Carter et al.’s report ends with this conclusion:

The Trump Administration's unprecedented attacks on science highlight an urgent need for the next president to restore integrity in science-based decision making. This administration has sidelined scientific guidance from experts inside and outside of agencies, directly censored scientists, suppressed federal scientific reports, and created a chilling environment that has demoralized federal scientists and led to self-censorship of their work (16).

Carter et al.’s comments about scientists and their expertise can easily be extended to experts and their expertise more broadly. I argue that whites (and Americans more broadly) with college degrees react negatively to Trump’s attacks on experts and their knowledge. But non-college whites agree with Trump here, and this agreement is critical for understanding their support. Trump’s “unending recrimination of elites” (Conley 2020) and relentless attacks on the elite political establishmentFootnote 2 appeal to these voters, who see elites as corrupt snobs who look down on and demean them. In the same way he speaks to non-college whites on race, immigration, and status, Trump speaks their language on elites and their expertise. These voters, in turn, reward Trump with their support.

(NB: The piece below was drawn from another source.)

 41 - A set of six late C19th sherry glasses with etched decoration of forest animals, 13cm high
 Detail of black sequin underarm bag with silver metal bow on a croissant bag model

Given all of this, Trump’s rejection of expertise bears watching in the 2020 election. Of course Americans are currently living through what will undoubtedly go down as Trump’s most significant rejection of expertise: his handling of the COVID-19 pandemic in the United States. According to the New York Times, there have been 192,000 deaths in the United States from COVID-19 as of September 11, 2020. The latest forecast from the Institute for Health Metrics and Evaluation at the University of Washington predicts over 410,000 deaths in the United States by the end of 2020 (Achenbach and Wan 2020). How will Americans respond? I strongly suspect that this response will be mediated to some degree by education level. What that degree is remains to be seen.